The defendant argues that the Drinkard rule applies, that there was no reasonable cause to impound the vehicle, and that the search was constitutionally unreasonable. We would agree that under these facts the search was unreasonable, in violation of the Fourth Amendment of the U.S. Constitution and Article I, Section 7 of the Constitution of Tennessee, if the inventory search exception was the only basis upon which to analyze this search.

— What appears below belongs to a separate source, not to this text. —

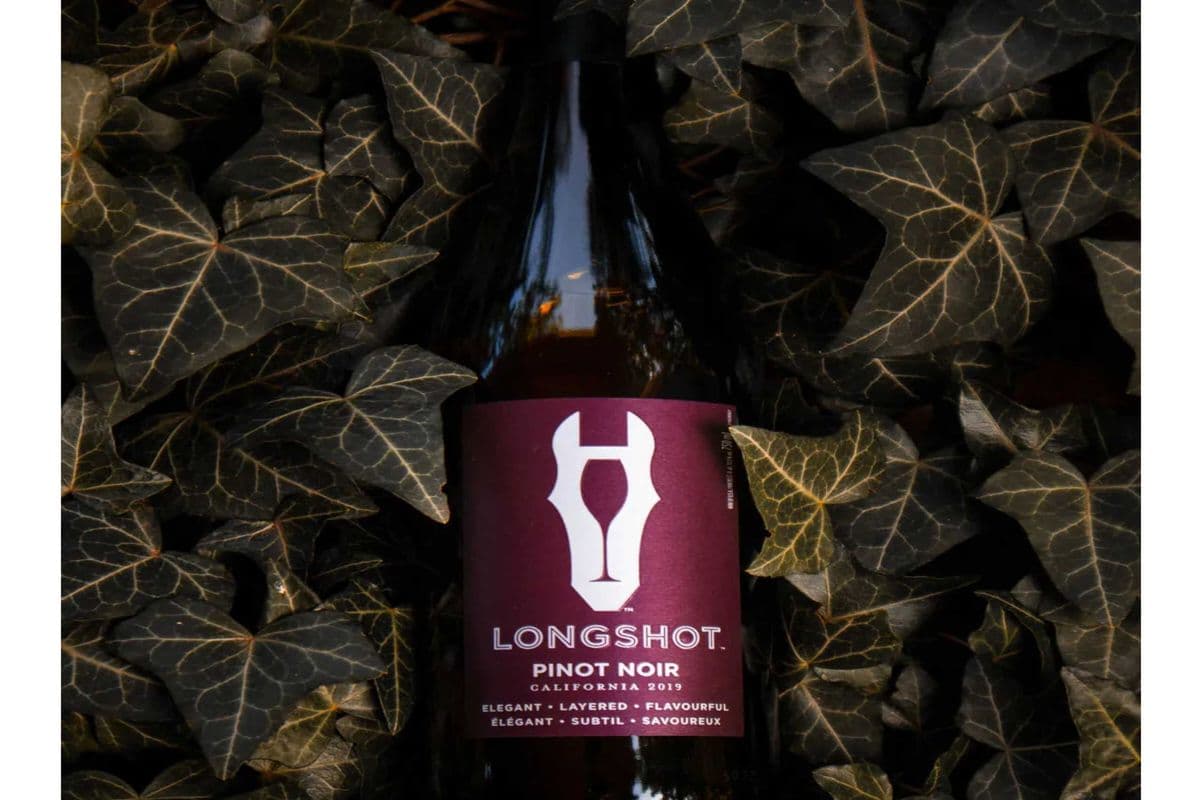 LONGSHOT PINOT NOIR 750ML (1 x 750ML )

In addition to an inventory search, however, a warrantless search may take place incident to a lawful arrest. See New York v. Belton, 453 U.S. 454, 101 S.Ct. 2860, 69 L.Ed.2d 768 (1981). “[W]hen a policeman has made a lawful custodial arrest of the occupant of an automobile, he may, as a contemporaneous incident of that arrest, search the passenger compartment of that *296automobile.” Id. 453 U.S. at 460, 101 S.Ct. at 2864, 69 L.Ed.2d at 775 (footnotes omitted). In addition, a police officer may conduct a search of the passenger compartment of an automobile incident to an arrest even when the arrested person is neutralized in the back seat of a squad car. U.S. v. White, 871 F.2d 41, 44 (6th Cir.1989); State v. Reed, 634 S.W.2d 665, 666 (Tenn.Crim.App.1982).
Under the facts of this case, we conclude that the stereo equalizer and the marijuana were discovered by the police officers in the automobile passenger compartment in the course of conducting a valid search incident to the defendant’s lawful arrest. The fact that Officer Maxwell said he and his partner began “inventorying” the defendant’s vehicle after his arrest, does not invalidate the search. Here, the search occurred on the scene immediately after the arrest and placement of the defendant in the police car. The search was of the automobile passenger compartment. Accordingly, it was not an inventory search but a search incident to a lawful arrest, and the police officers’ characterization of their action is not controlling of the type of search conducted.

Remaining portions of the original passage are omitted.